Tips on Conflict Resolution
We asked the Conflict Resolution Center of Baltimore County (CRCBC) to share a few tips for navigating these challenges. Here is what they shared.
Address the Conflict Directly
Make time to address the conflict directly with the person with whom you have the problem. One of the biggest misconceptions we have around conflict today is that venting is acceptable only among your family, friends and coworkers—so you are steeled to go into your heated conflict with a rigid composure. Being so focused on remaining relatively calm leads to both parties avoiding the reasoning and topics that underlie conflict. It is exactly these difficult or heated conversations you’re avoiding that hold the key to a resolution.

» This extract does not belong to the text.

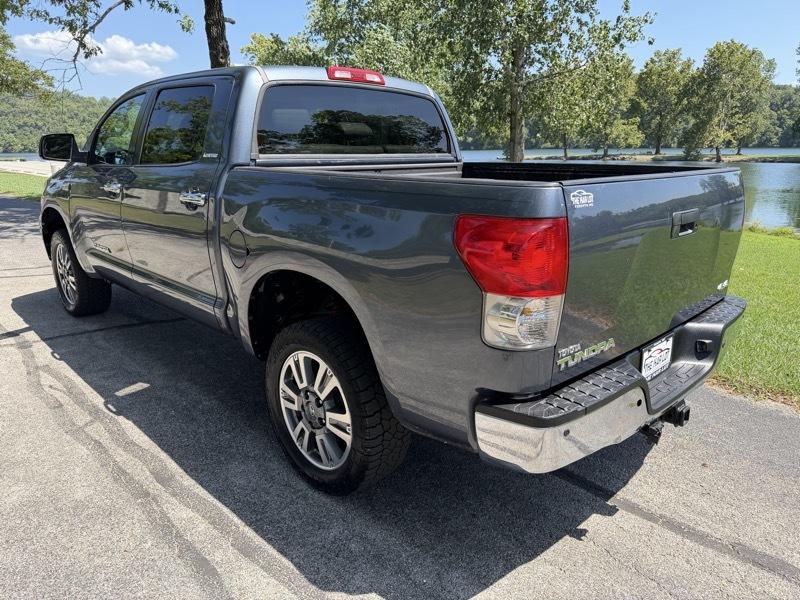 Toyota Tundra Limited CrewMax 5.7L 4WD 2008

A true resolution comes from seeking to be understood and seeking to understand directly with the person involved with you in the conflict. You can certainly speak with your friends, but you also need to directly address the person you’re in conflict with—with the goal of working on understanding each other better.
Work on understanding the other person you are in conflict with. Ask open-ended questions to get a fuller picture of what’s going on for the other person in this dispute. Go into your conversation with curiosity, like an archaeologist uncovering new artifacts and asking how this new piece of information fits into the overall picture—not like a prosecutor who’s armed with evidence, ready to box someone into a corner.
Examples of open-ended questions, include:
● You said “x,”what do you mean by that?
● Can you tell me more about why “z” is important to you?
Be Clear About What You Need
Be clear about what you need from the situation. Most conflicts arise from miscommunication, which on its face, makes solving them seem easy. Many people think “I just need to communicate more,” but for conflicts you’re having trouble solving with your normal communication style, just doing more of the same isn’t going to advance the situation. Miscommunication tends to happen around both parties’ values and we don’t usually speak directly to values in everyday life. Say what you need in a way that is respectful to you and others. Remember, the goal is for you to be heard. It is not to slam other people or minimize your own needs.
An example of being clear about what you need might look like this: “I need my privacy [value]. I’m annoyed because I’ve said this a lot. I need you to knock before you come in.” This direct style of communication goes much further than “What on earth is your problem!?! Ever heard of knocking?”
Stay on Topic
Stay on topic. Oftentimes, you may find that issues come into the conversation that don’t directly pertain to the topic. Staying focused on the central issues to your dispute and not going off on tangents, helps to make things much less overwhelming and more manageable.
Lay Your Assumptions Out
Lay your assumptions out in the conversation. It helps to understand how you came to those conclusions, to help the other person understand where you’re coming from. They can either confirm you were correct, or help you understand what you’ve misunderstood, so you can move forward with a joint foundation to the discussion, and ultimately, resolution.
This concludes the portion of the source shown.